**WHAT YOU HAVE TO DO**
Set down the entries below exactly; drop the pictures.

Short descriptive text snippets:
::::::::

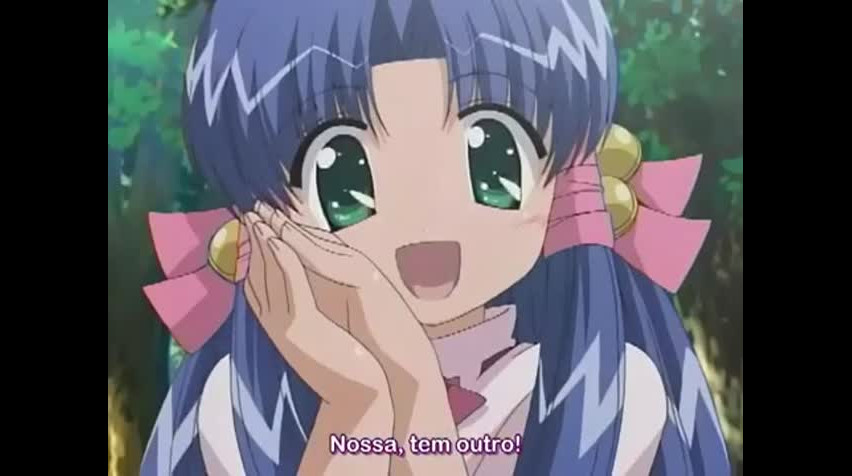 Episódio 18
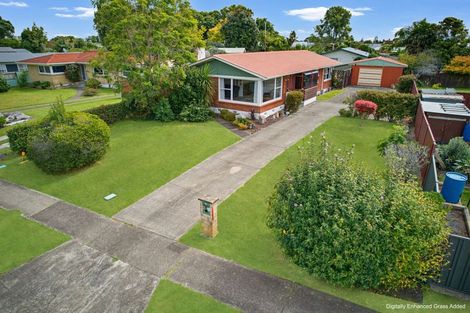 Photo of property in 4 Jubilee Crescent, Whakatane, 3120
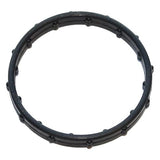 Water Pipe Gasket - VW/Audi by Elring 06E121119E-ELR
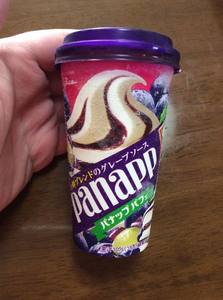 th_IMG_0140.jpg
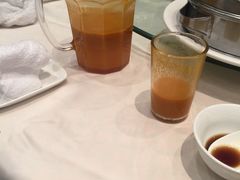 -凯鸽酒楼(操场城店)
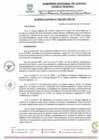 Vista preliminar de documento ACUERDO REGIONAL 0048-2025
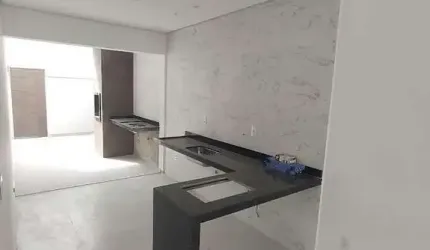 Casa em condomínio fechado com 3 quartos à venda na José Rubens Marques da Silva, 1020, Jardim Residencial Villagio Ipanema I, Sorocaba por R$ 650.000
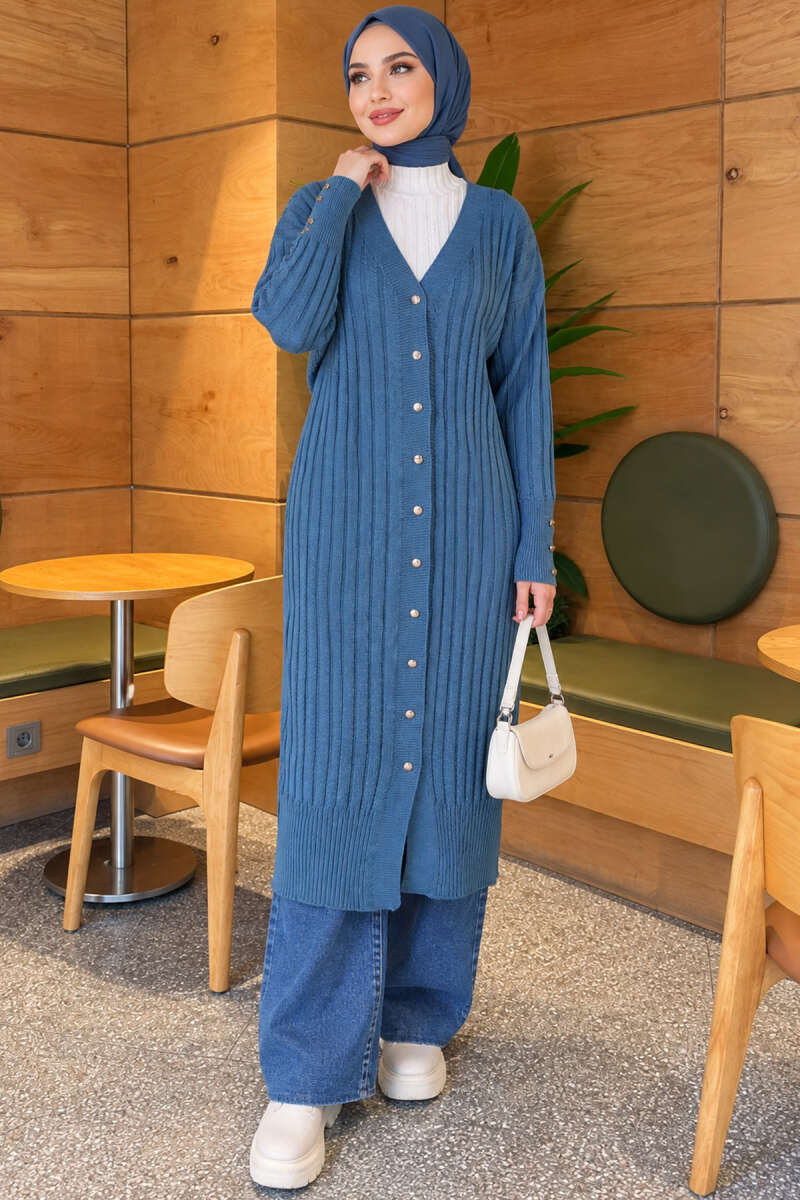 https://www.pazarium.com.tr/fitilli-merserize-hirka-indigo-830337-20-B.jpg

::::::::

**SOLUTION**
 Episódio 18
 Photo of property in 4 Jubilee Crescent, Whakatane, 3120
 Water Pipe Gasket - VW/Audi by Elring 06E121119E-ELR
 th_IMG_0140.jpg
 -凯鸽酒楼(操场城店)
 Vista preliminar de documento ACUERDO REGIONAL 0048-2025
 Casa em condomínio fechado com 3 quartos à venda na José Rubens Marques da Silva, 1020, Jardim Residencial Villagio Ipanema I, Sorocaba por R$ 650.000
 https://www.pazarium.com.tr/fitilli-merserize-hirka-indigo-830337-20-B.jpg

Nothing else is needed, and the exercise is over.